No voy, por tanto, a sugerirles que después de finalizar la lectura de esta mirada, acudan a Google a buscar “colaborar con UNICEF”. Esa es una opción personal que deben elegir ustedes libremente y sin coacción de ningún tipo. Faltaría más.
 Pero si alguna noche de septiembre han velado sus cuadernos, lápices, rotuladores y otro material escolar, como el buen Alonso Quijano veló sus armas en la venta; si estrenaron una camisa o un pantalón para el primer día de clase, si su madre rebuscaba el dinero para un plumier (aunque no se lo pidieran), saben lo que se siente al comenzar septiembre sin curso que empezar, sin profesores nuevos que conocer; entonces sabrán que esa sensación de desánimo y abandono de la edad feliz ya no va a dejarnos nunca. Y, tal vez, sólo tal vez, deseen transferir sus ilusiones, sus nervios de ese primer día de clase, a otros niños, como ese de la foto, con esa inmensa sorpresa ante lo que ve dentro de esa mochila.

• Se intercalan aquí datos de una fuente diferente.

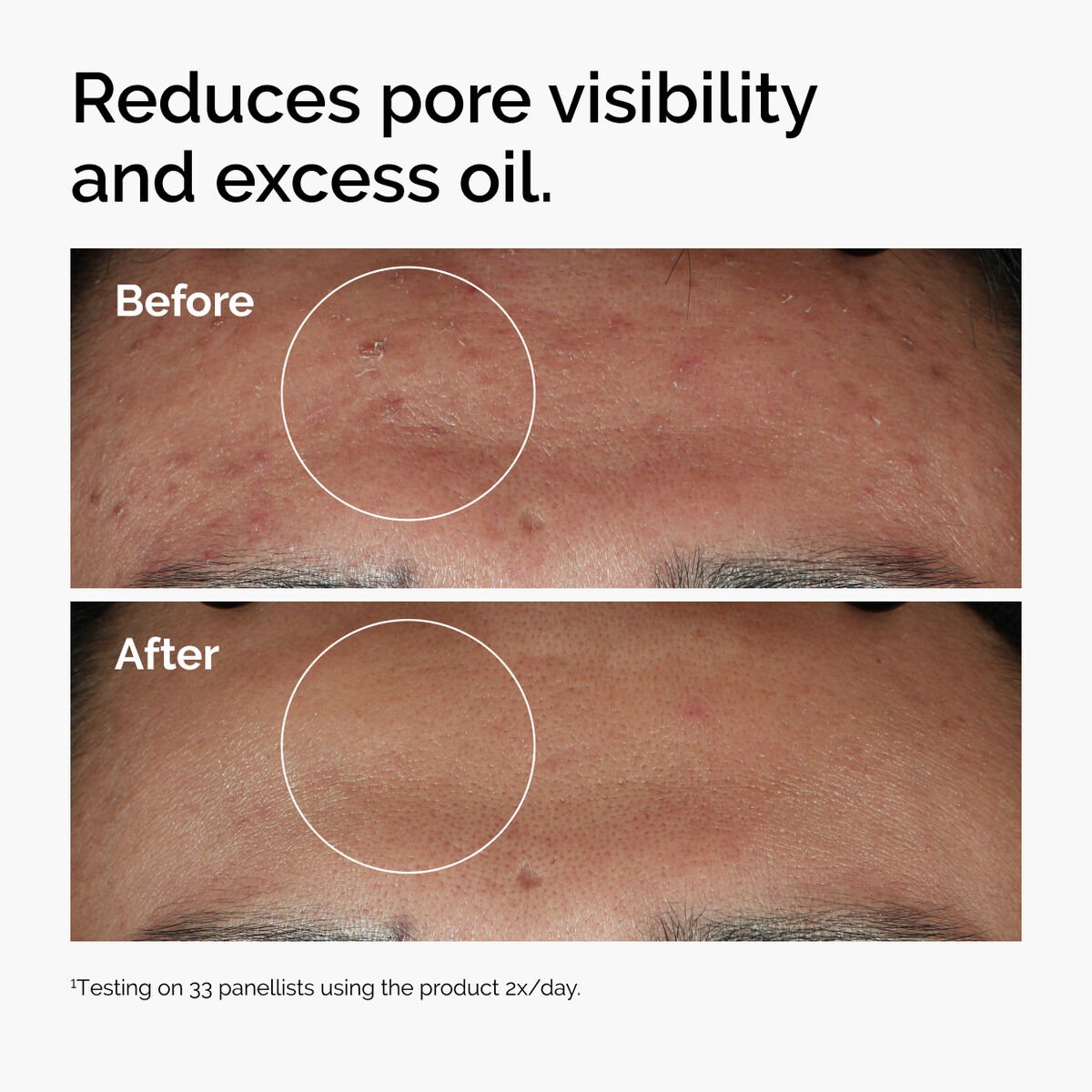 The Ordinary Niacinamide 10% & Zinc 1% Water-Based Face Serum for Blemish-Prone, Oily Skin β Pores & Oil Control (30ml)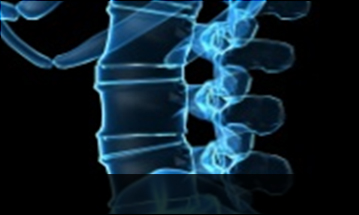 울산자생한방병원 허리질환 척추전방전위증-정상적인 사람의 척추뼈 모습입니다.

 La foto es evidentemente publicitaria, publicidad de UNICEF, pero no sólo la comparto si no que les confieso que la intención de esta mirada no es otra que poder compartir esa foto. Por lo general primero tengo la idea, luego escribo y, por último, busco la foto. Esta vez ha sido justo al contrario: La foto me llegó a través de una red social y supe de inmediato que tenía que dedicarle una mirada, supe que tenía que hacerles llegar esa imagen llena de esperanza e ilusión, supe que tenía que compartir el rostro de ese niño con ustedes, no para motivarles a nada, si no para poner, acaso, una sonrisa, un atisbo de ternura, un soplo de aire cálido en el corazón de quien me lea. Esa foto nos habla de que aún hay gente dispuesta a colaborar para hacer del mundo un lugar un poquito mejor, esa foto se dirigió directamente a mi corazón y me dijo, calladamente, “haz lo único que sabes hacer medianamente bien, escribe lo que se te ocurra, pero compárteme”.

 Por otra parte, si desean colaborar con UNICEF, yo no voy a quitarles las ganas. Hasta ahí podíamos llegar.